The stuff that dreams are made of, John Anster Fitzgerald (1819-1906), oil on canvas, 1858
Continuing from yesterday about the Pauli/ Jung letters: Jung devoted quite a lot of ink to Wolfgang Pauli's dreams, so I found Pauli's essay, Modern Examples of Background Physics, especially interesting for his views on the nature of dreams. In a long letter of 31 March 1953 Pauli says:
"When you say that "the psyche is partly of a material nature,"7 Then for me as a physicist this takes on the form of a metaphysical statement. I prefer to say that psyche and matter are governed by common, neutral, "not in themselves ascertainable" ordering principles. (Unlike the psychologist, the physicist has no problem, for example, with saying "the U field" instead of "the unconscious," which would thus establish the"neutrality" of the concept.)
 "7 Your letter, p. 6. This statement seems to me alarmingly close to the definitely meaningless statement that "everything is psychic"! For "psychic" to acquire any meaning, there must also be something nonpsychic involved, and this is where the "not in itself ascertainable" seems to me suitably neutral."
We see in the above a foreshadowing of David Bohm's Wholeness and the Implicate Order, yet in that work, Pauli gets no mention at all, neither does the Unus Mundus. Bohm does not mention Jung, either, but Bohm obtained many of his ideas about the psyche from Jiddu Krishnamurti. It should be mentioned, however, that Jungian Marie-Lousie Von Franz does refer to Bohm and to Wholeness and the Implicate Order in her (1988) Psyche and Matter.

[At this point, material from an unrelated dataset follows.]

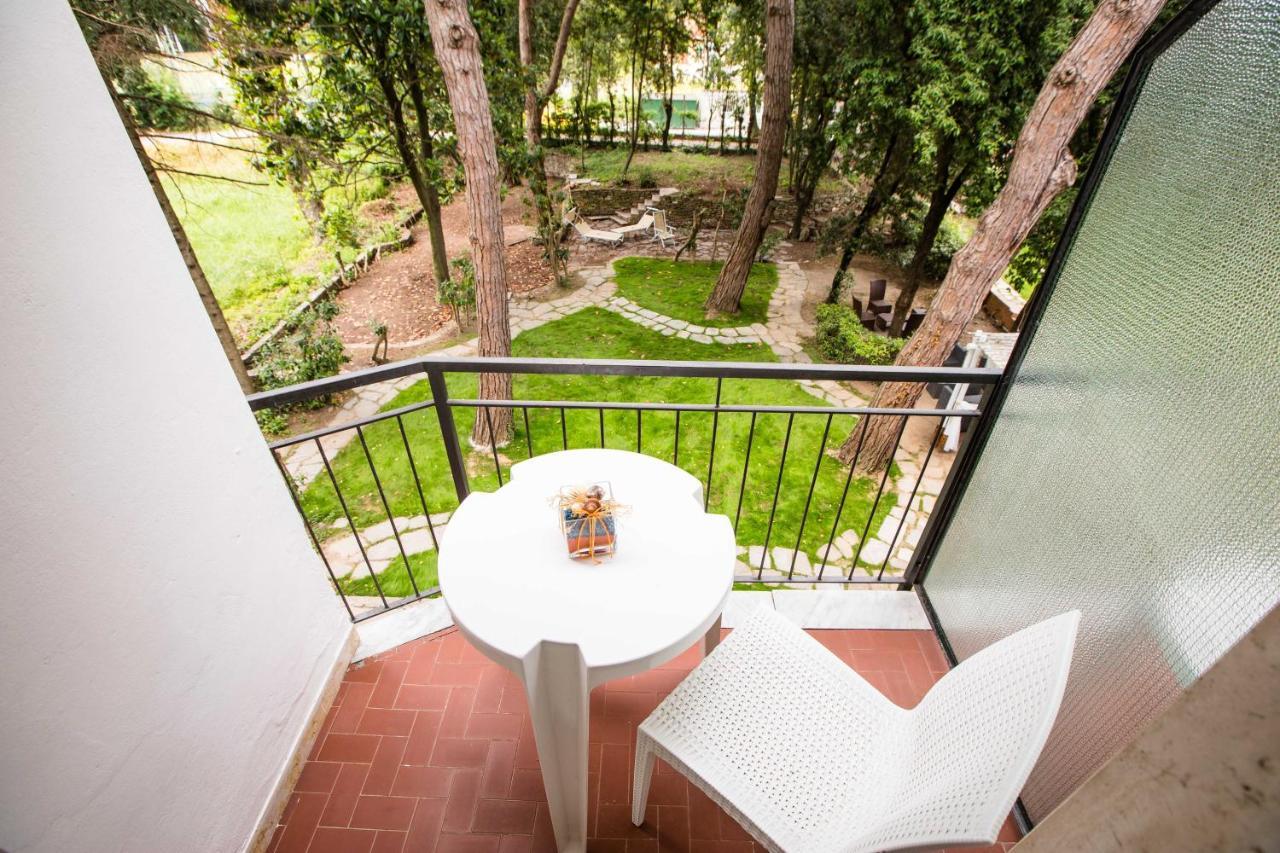 Hotel La Tavernetta Dei Ronchi Marina di Massa Exterior foto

In his (also long) reply, Jung says:
"You are perfectly correct when you say that my remark concerning the material nature of the psyche is a metaphysical judgement. It was, of course, not meant as such and is not to be taken literally. The remark is simply intended to point out that the nature of the psyche is involved in both hypothetical conceptions, spirit and material, and, like them, is not ascertainable. The aim of the remark is to indicate that whenever something material exists, the psyche is also partially involved. When it comes to the overall judgement, the following sentence needs to be added: Wherever the spiritual exists, the psyche has its part to play. This participation is ascertainable in that there are conceptions that are labeled partly as spiritual and partly as of material origin. But just what form this participation actually takes cannot be ascertained because material, psyche, and spirit are in themselves of an unknown nature and thus are metaphysical or postulated. Thus I fully agree when you say "that psyche and matter are governed by common neutral etc. ordering principles." (I would simply add "spirit" as well.)
"Under these circumstances, I simply fail to see—with the best will in the world—how psychology can be "overburdened" with me, or what form an expansionist tendency of my concept of the psyche is supposed to take."
Following Markus Fierz' comments from yesterday,  he says of Pauli's essay: "...Pauli refers to it as an outline—but actually an attempt to come to grips with a problem that had always preoccupied him. What he had in mind was "a description of nature integrating both physis and psyche.""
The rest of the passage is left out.